The prime minister resigned less than twenty-four hours after the resignation of the previous home secretary, which added to the mounting pressure she was already under. In spite of the fact that Ms Braverman’s departure was apparently precipitated by a data breach, the contentious tone of her resignation letter suggested that she and the company had a dispute on immigration.

Ms Braverman has made efforts to pander to the more conservative members of her party on the topic of social concerns. She has said that it is her “goal” to begin sending migrants to Rwanda, and she has criticised the “tofu-eating wokerati.”

A proponent of Brexit, the attorney general in Boris Johnson’s cabinet was a former lawyer who previously served in that capacity. Following his departure, she competed in the most recent leadership election, however, she was eliminated in the second round of voting.

Her parents were originally from Kenya & Mauritius, and they immigrated to the United Kingdom in the 1960s. Both of her parents were involved in local politics at one point or another, with her mother serving as a councillor for a total of 16 years.

After the legislation was modified so that cabinet ministers may obtain paid maternity leave, Braverman became the first cabinet minister to take maternity leave.

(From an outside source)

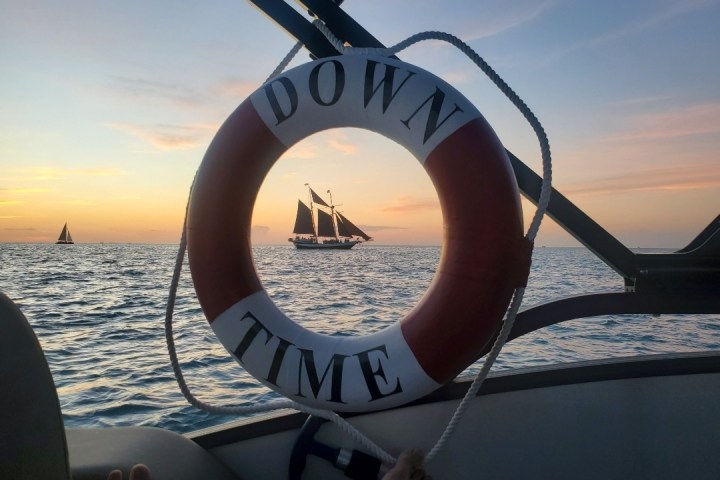 a close up of a boat next to a body of water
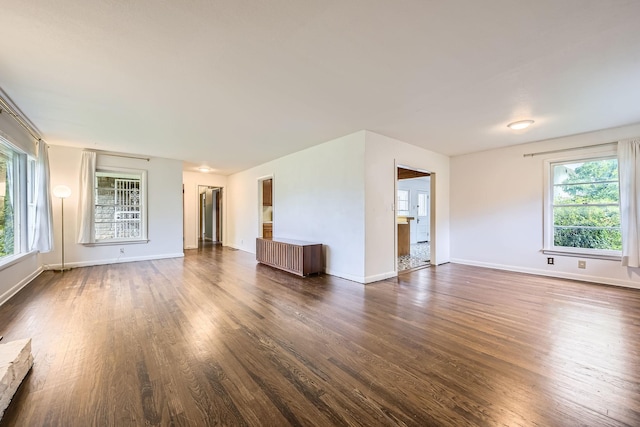 unfurnished living room with dark wood-type flooring, baseboards, and a healthy amount of sunlight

Before the law was altered, cabinet members were expected to quit their seats rather than take maternity leave.

Kemi Badenoch

In the most recent fight for the leadership of the organisation, Kemi Badenoch was an unexpected breakout candidate. Despite the fact that she did not win the election, the competition helped greatly raise her visibility.

She was said to be planning another run for the leadership position.

On the other hand, on Saturday she revealed her support for Rishi Sunak in an essay that she wrote for The Times.

“By shifting the focus away from herself and onto the people she served, Margaret Thatcher was able to gain the public’s confidence and win three consecutive elections. We need someone else who is capable of doing the same thing. I have a strong suspicion that it is Rishi Sunak “she had written.

She was born in Wimbledon, which is located in south London, but she spent much of her childhood in the United States and Nigeria since her mother worked as a psychology professor in both countries.

Prior to her election to the position of Member of Parliament for the constituency of Saffron Walden, she had positions at the private bank Coutts and at The Spectator magazine.

Her current position as head of the Department of International Trade is the most senior one she has held in the government so far.

Ben Wallace

In spite of the fact that several prominent Tories have managed to polarise views inside the party, the majority of members of parliament see the defence secretary as a steady hand.

On the other hand, he said on Friday that he wanted to keep his present post and that he was “leaning towards” backing Boris Johnson, noting the mandate the latter candidate gained in the general election of 2019.

Mr Wallace admitted that the previous prime minister had “some things to answer,” but he also noted that the prior prime minister had a “track record” of spending in defence.

The Secretary of Defense advised prospective candidates, “You truly need to believe that is the position for you.”

He said in a tweet, “I am blessed to be the UK defence secretary and the present danger necessitates stability in that job.”

Since Russia’s invasion of Ukraine, the former soldier has been a prominent character, since the United Kingdom quickly took the decision to provide Kyiv with arms and training in order to counter Russia’s aggression.

He supported Liz Truss during the summertime race for the leadership position.